1.  I do not know if the Rp is over/ when it should end.
- I have gotten messages like "So do you want to keep going to start a new Rp?" These messages makes me feel bad because I feel like I drop the ball in that Rp session. This may be do to my lack of experience, but I assume a vore Rp is over once the other member has been consumed? 

2. When should I take charge of an Rp session?
- If the person I am Rping with is handing me 1 - 3 word responses, is it okay to write a paragraph of my own actions and dialogue. Or am I just being a tool. 

3. Is it okay to move another member's character on your turn? 
- This question is mostly here because I have not used a realtime chatroom yet. Only one's I've used involve getting notification on my phone or I have to refresh the chat page. Moving their character helps move things along.

Lastly 4.  How to know if the Rp is SFW or NSFW?
- Should I ask every time I start a new Rp session? Or should I go off our last session?

One last thing. I mostly do one shot sessions with my character(s) being made up on the spot. Should I change this to standard characters with proper reference sheets? 

I enjoy Rping, I just think I'm bad at it. So any tips and general advice is welcome.


----------



## Jin-Lust-4-Sin (Dec 28, 2016)

Boardmindless said:


> 1. I do not know if the Rp is over/ when it should end.
> - I have gotten messages like "So do you want to keep going to start a new Rp?" These messages makes me feel bad because I feel like I drop the ball in that Rp session. This may be do to my lack of experience, but I assume a vore Rp is over once the other member has been consumed?


I find such messages perfectly normal, really. A RP usually "ends" when the main plot is over (or everyone just drops for some reason), though it can still goes on like an open-world game, it's up to you.



Boardmindless said:


> 2. When should I take charge of an Rp session?
> - If the person I am Rping with is handing me 1 - 3 word responses, is it okay to write a paragraph of my own actions and dialogue. Or am I just being a tool.

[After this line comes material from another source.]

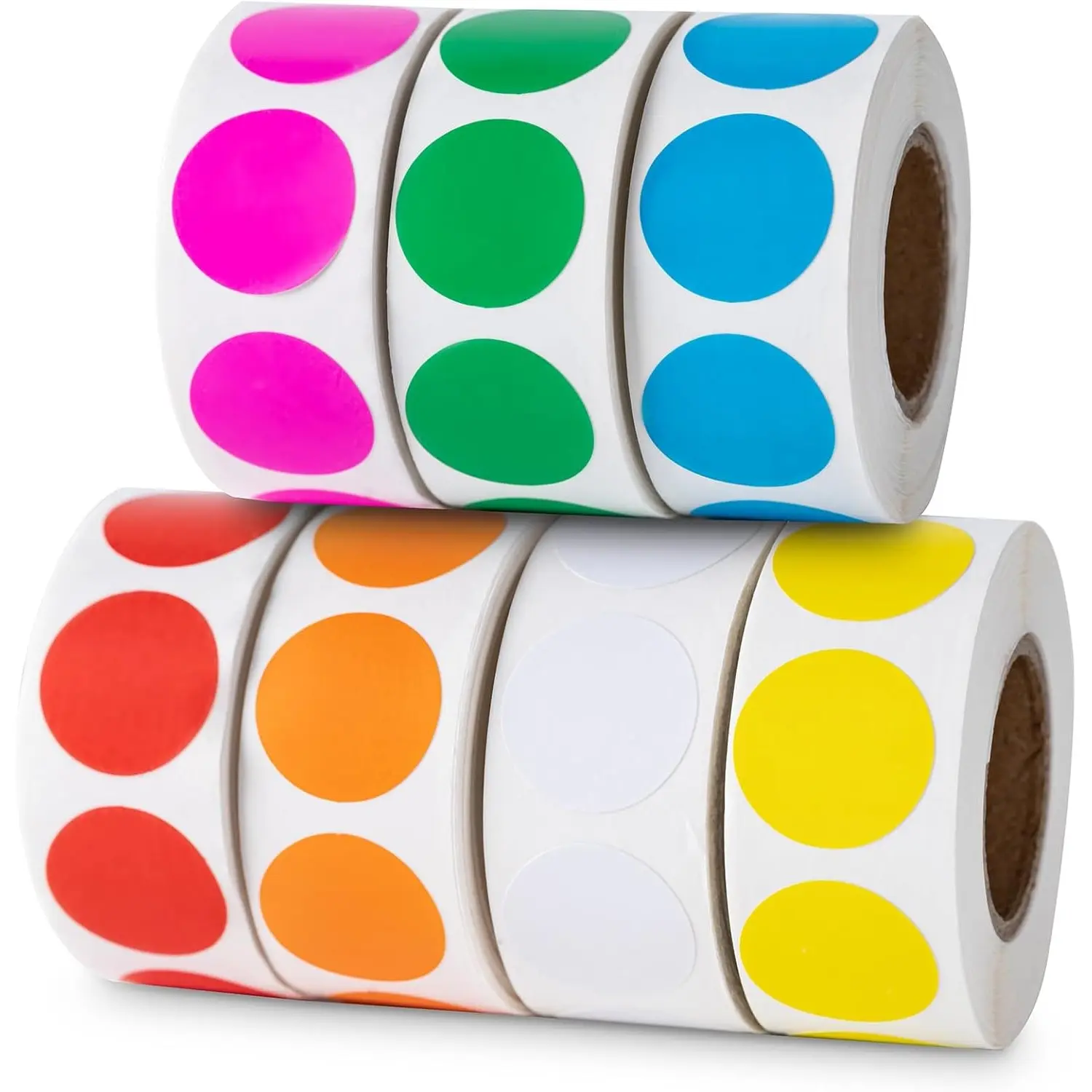 7 Rolls Round Label Stickers, 500pcs/roll, 2.5cm/1 inch Irregular Circle Labels for Mail Envelopes, Packaging, Gift Wrapping, Games, Stickers Included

You can, and should, politely tell them to add more details to the response. Otherwise, you won't have much to continue, and it'll just look really awkward. One-liners are usually a major no-no in the forum, unless you RP with someone in a real-time chat like skype, discord, etc.



Boardmindless said:


> 3. Is it okay to move another member's character on your turn?
> - This question is mostly here because I have not used a realtime chatroom yet. Only one's I've used involve getting notification on my phone or I have to refresh the chat page. Moving their character helps move things along.

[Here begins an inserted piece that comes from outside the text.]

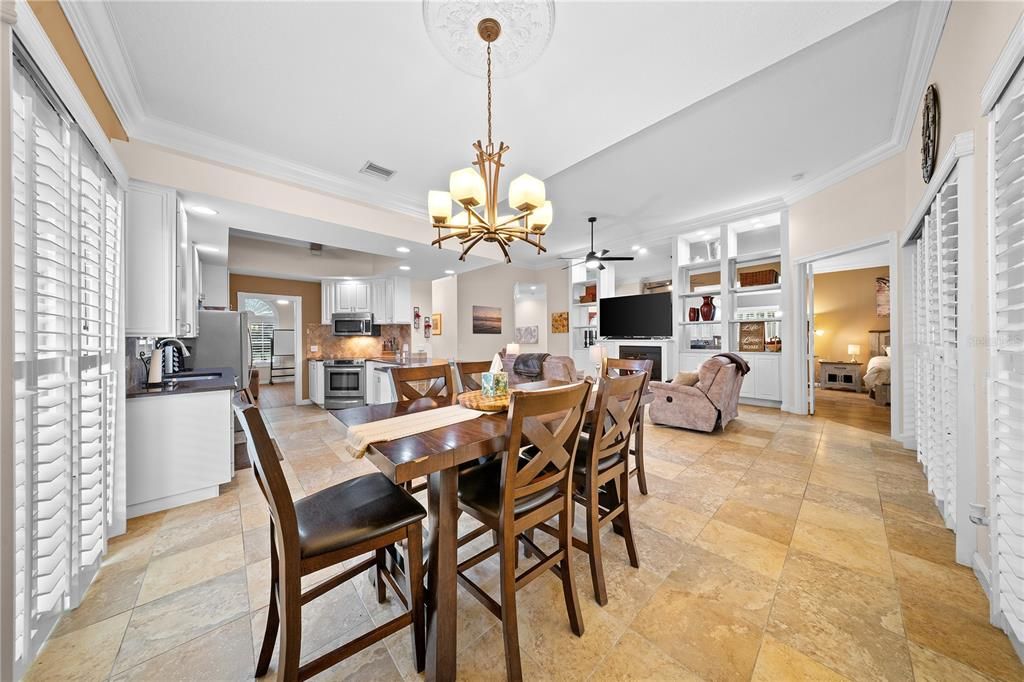 Chandelier, Dining room, Interior, Kitchen, Living room, Pendant Lights, Recessed Lighting, Stainless Steel Appliances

As far as the RP goes, the best you can do is describe what/how the other chars feel, see and hear (to some extent), but not what/how they say/think/do. For example, say, your char is unconscious and someone is trying to wake you up but cannot, you can say that "someone" only sees your char's eyes completely blank, but you cannot put more in, such as that "someone" tries to wake you up more.



Boardmindless said:


> 4. How to know if the Rp is SFW or NSFW?
> - Should I ask every time I start a new Rp session? Or should I go off our last session?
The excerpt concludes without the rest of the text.